Free energy in Allen-Cahn PDE I am a mathematician and I am taking a mathematical physics course. In the part of reaction-diffusion equations, there is something that I do not understand. I have been defined the Allen-Cahn equation as $$u_t=u_{xx}+u-u^3.$$ Then the professor wrote the equation as $$u_t=u_{xx}-W'(u),$$ where $$W(u)=1/4-u^2/2+u^4/4.$$ The free energy was defined as
$$ H[u]=\int_\Omega \left(\frac12 u_x^2+W(u)\right)\,\mathrm{d}x. $$
I do not understand what this free energy tries to model. I read on Wikipedia that the part $1/2\int_\Omega u_x^2\,\mathrm{d}x$ is called Dirichlet energy, but I cannot find any physical interpretation of this. Could you provide any simple explanation of $H[u]$ for a theoretical mathematician?
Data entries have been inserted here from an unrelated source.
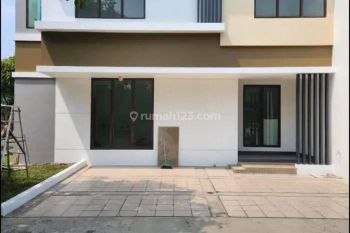 DIJUAL RUMAH SUDUT BRANDNEW 2LT CANTIK DI CLUSTER SERPONG JAYA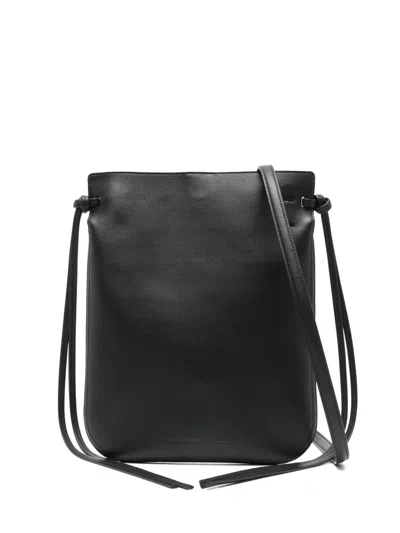 Phoebe Philo Women Gig Leather Shoulder Bag In Multi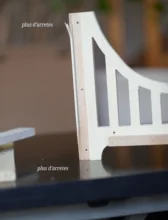 Accesorios para fotografías de bebés recién nacidos, artículos de posado de bebé para fotografía, utilería para estudio fotográfico, cuna para sesión de fotos, cama desmontable de madera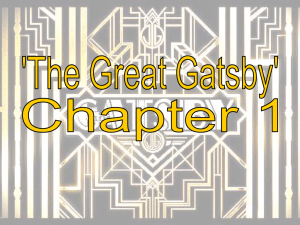 Gatsby full novel analysis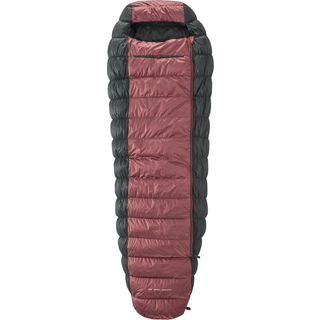 Nordisk Voyage 500 Sovepose - Left Zip | Ribbon Red - Str: Large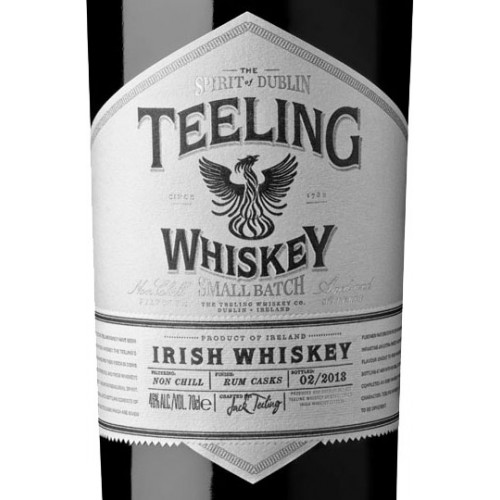 Teeling Small Batch Irish Whiskey - Image 2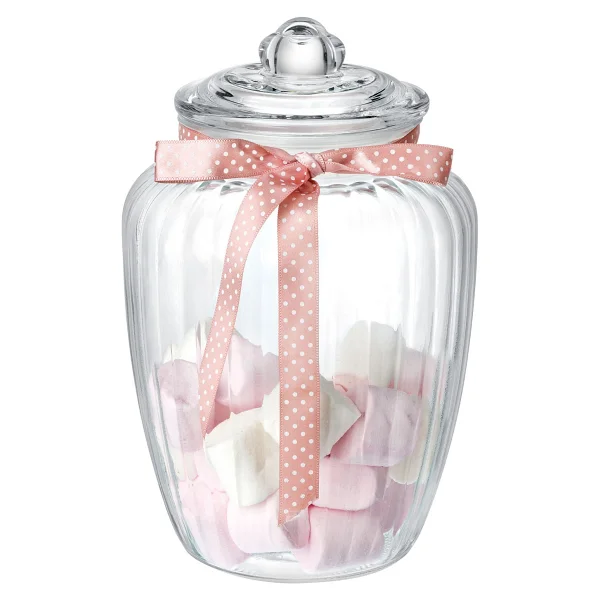 Madame Coco Odetta 2000 ml Yuvarlak Kavanoz Pudra - Görsel 4
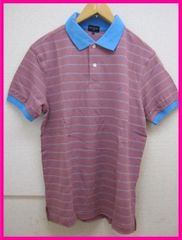 【在庫処分大セール】H-175-1 Paul Smith  半袖ポロシャツ M ポールスミス 訳有未使用
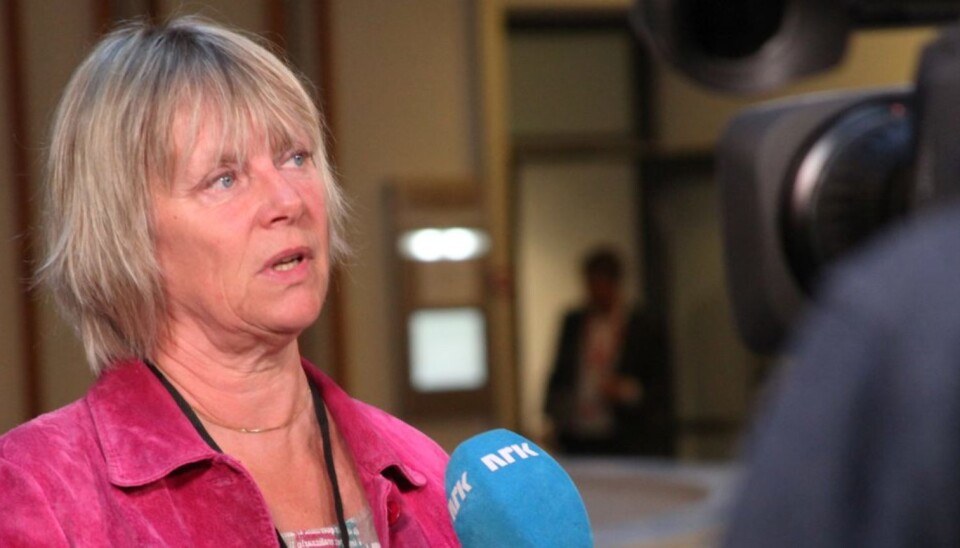 Hilde Haugsgjerd. Foto: Kathrine Geard Hilde Haugsgjerd. Foto: Kathrine Geard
 A: $H$ is like a potential and the system will always "roll" to smaller values of $H$ (unlike in Hamiltonian mechanics but much rather as in "gradient flows"), i.e. $H$ is a Lyapunov function of the Allen-Cahn dynamics: it decreases in time unless a stationary condition is reached. In this case, the time-evolution will try to smoothen inhomogeneities (i.e. decrease $(\partial_x u)^2$) and there will be an attraction towards the values $u=\pm 1$ (since those are the minima of $W$). Depending on the initial conditions, a minimum of $H$ may or may not be reached (If the initial data are e.g. $u(t=0,x\geq0)=1=-u(t=0,x<0)$, then the resulting solution can not reach a minimum of $H$. 
A free energy is typically not simply a Lyapunov function. We understand it as a kind of Boltzmann entropy (say there is an underlying microscopic dynamics with a local detailed balance property which reduces to Allen-Cahn for macroscopic densities): the free energy counts the number of microstates that are in agreement with the observed macroscopic density profile.